Drop the images. Copy every line below character for character.

Items from a data source:
──────
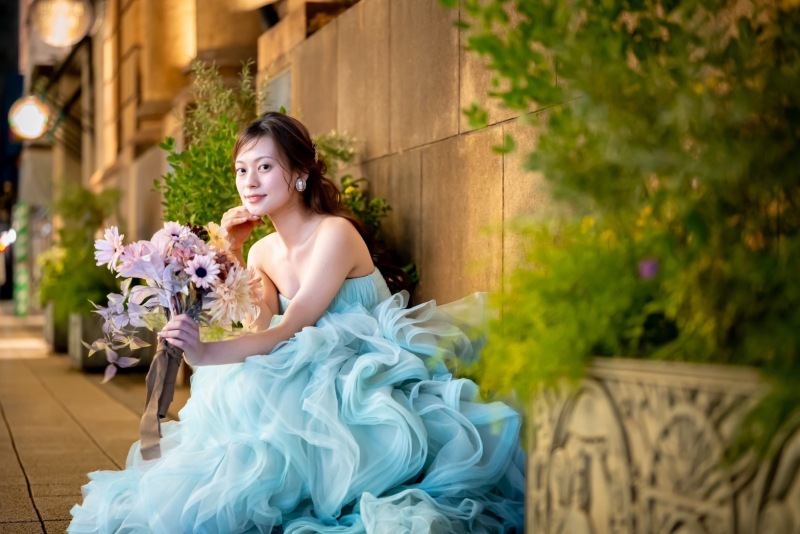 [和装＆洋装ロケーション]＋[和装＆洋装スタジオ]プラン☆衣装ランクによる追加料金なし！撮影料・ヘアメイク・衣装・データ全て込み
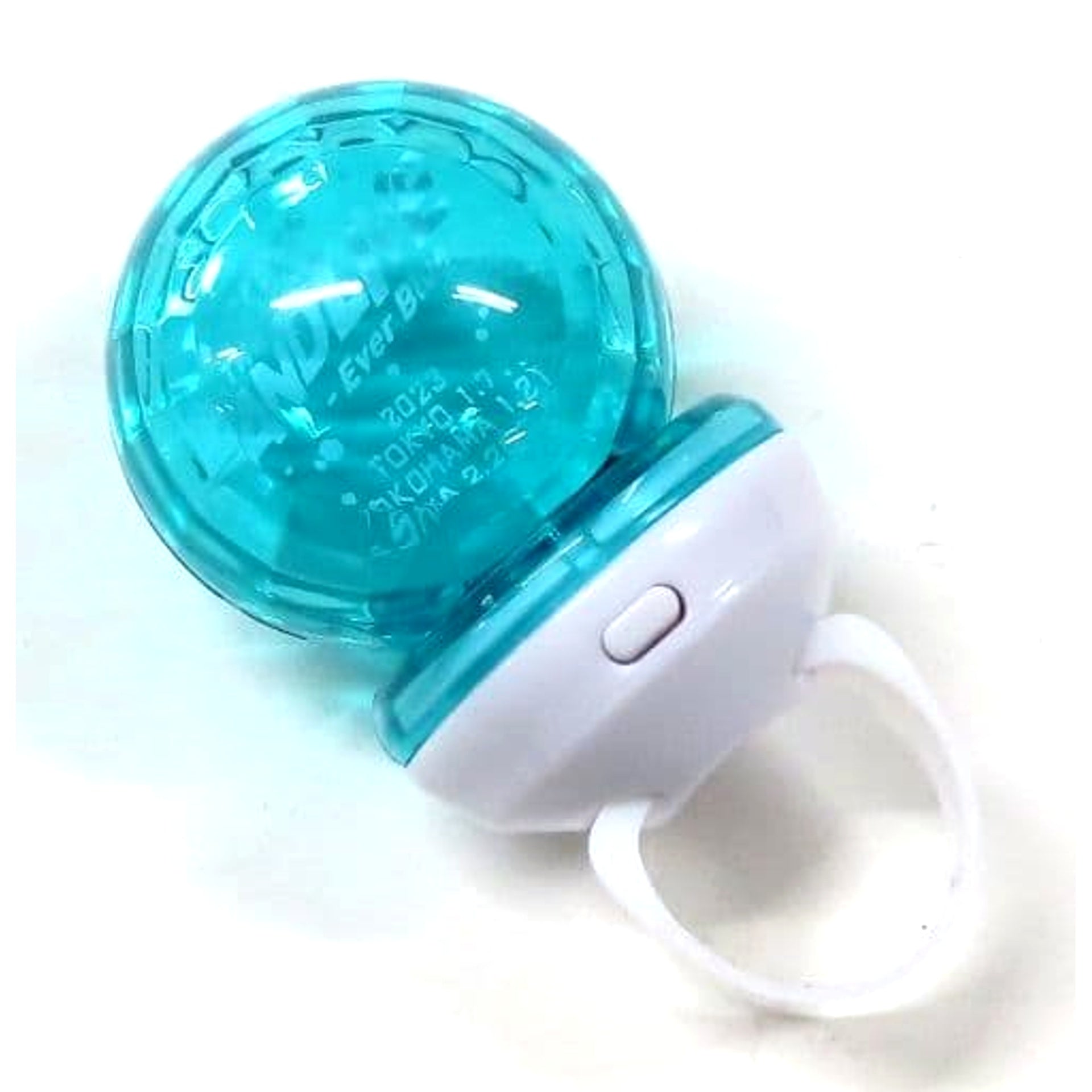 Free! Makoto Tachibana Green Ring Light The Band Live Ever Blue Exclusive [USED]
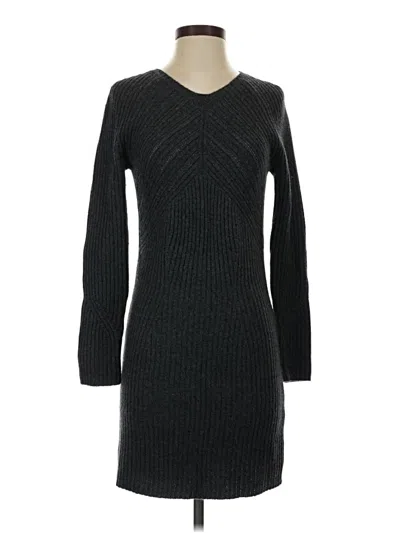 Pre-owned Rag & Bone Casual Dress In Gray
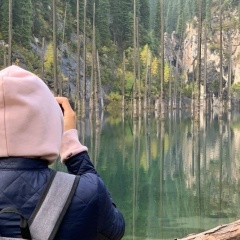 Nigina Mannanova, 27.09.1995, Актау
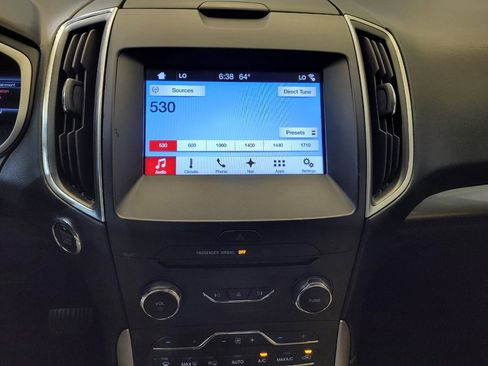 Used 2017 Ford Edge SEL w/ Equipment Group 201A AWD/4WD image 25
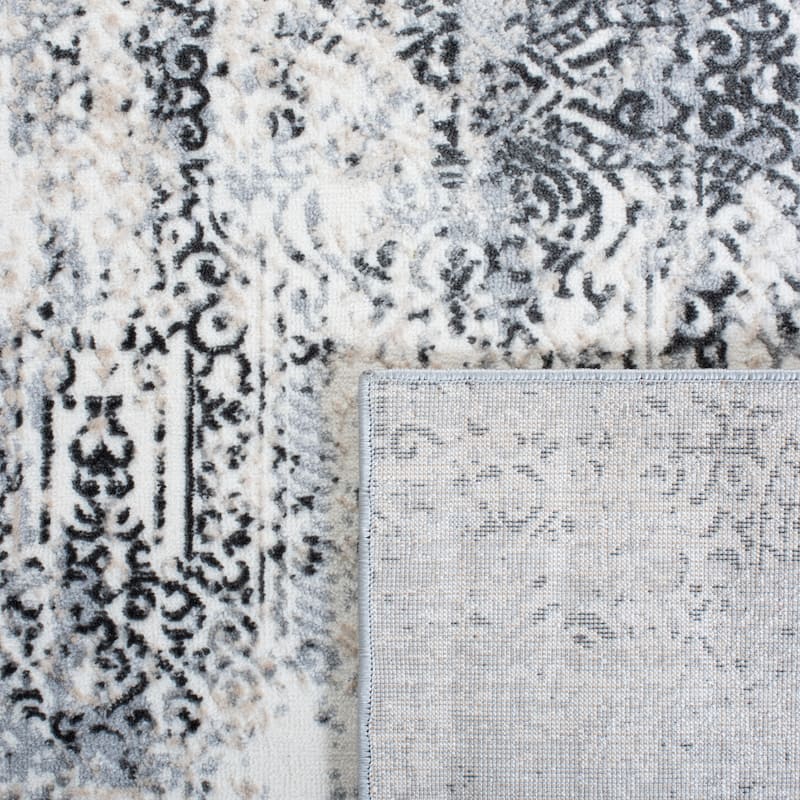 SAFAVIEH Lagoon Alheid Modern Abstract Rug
──────
### Answer below:
 [和装＆洋装ロケーション]＋[和装＆洋装スタジオ]プラン☆衣装ランクによる追加料金なし！撮影料・ヘアメイク・衣装・データ全て込み
 Free! Makoto Tachibana Green Ring Light The Band Live Ever Blue Exclusive [USED]
 Pre-owned Rag & Bone Casual Dress In Gray
 Nigina Mannanova, 27.09.1995, Актау
 Used 2017 Ford Edge SEL w/ Equipment Group 201A AWD/4WD image 25
 SAFAVIEH Lagoon Alheid Modern Abstract Rug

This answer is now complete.